3) Другим основным аргументом против писистратовской редакции было выдвигаемое против Вольфа указание на наличие у греков письменности задолго до Писистрата. Виламовицу через 80 лет после Вольфа, конечно, нетрудно было доказать существование у греков письменности задолго до VII в.: греки, оказывается, усвоили себе финикийское письмо еще в X в. до н. э. Однако совершенно нелепо делать отсюда выводы о недостоверности всей указанной античной традиции о Писистрате.
Во-первых, из того, что была письменность до Писистрата, нисколько не вытекает, что до Писистрата она была употреблена для поэм Гомера. Иначе какой-нибудь исследователь будущих столетий, прочитавши где-нибудь о первой записи русских былин в XIX в., имел бы полное право отвергать эту запись в XIX в. на том основании, что письменность и книгопечатание были в России за несколько веков до этого времени.

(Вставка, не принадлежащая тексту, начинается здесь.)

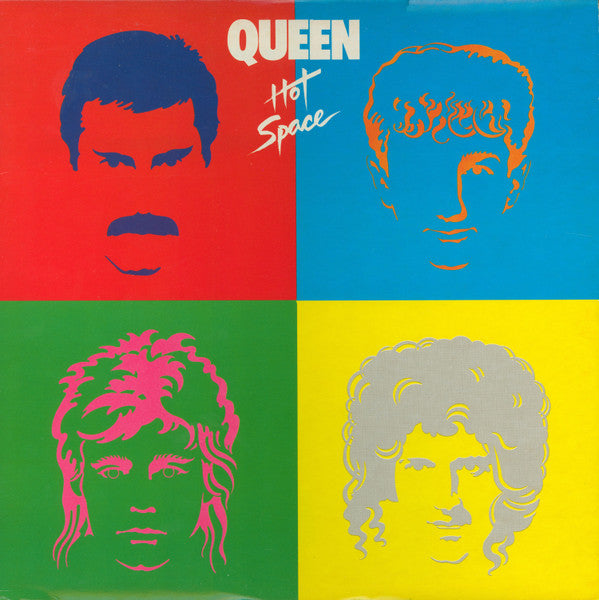 Queen – Hot Space (LP) (C50)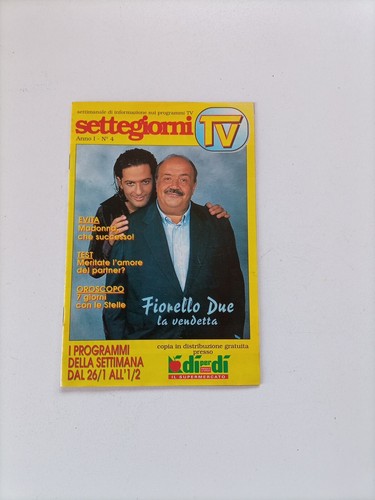 Fiorello sette giorni - sette, n.4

Во-вторых, устная эпическая традиция, никак не фиксируемая письменно, представляет собою вполне естественное и социально-обусловленное явление: она и без всякой письменности есть нечто весьма прочное, твердое и устойчивое в течение многих веков; и народная память, т. е. память народных певцов, сказителей, рассказчиков, такова, что она не только не нуждается ни в какой записи, но в те времена она гораздо прочнее и надежнее всех тогдашних способов письменности.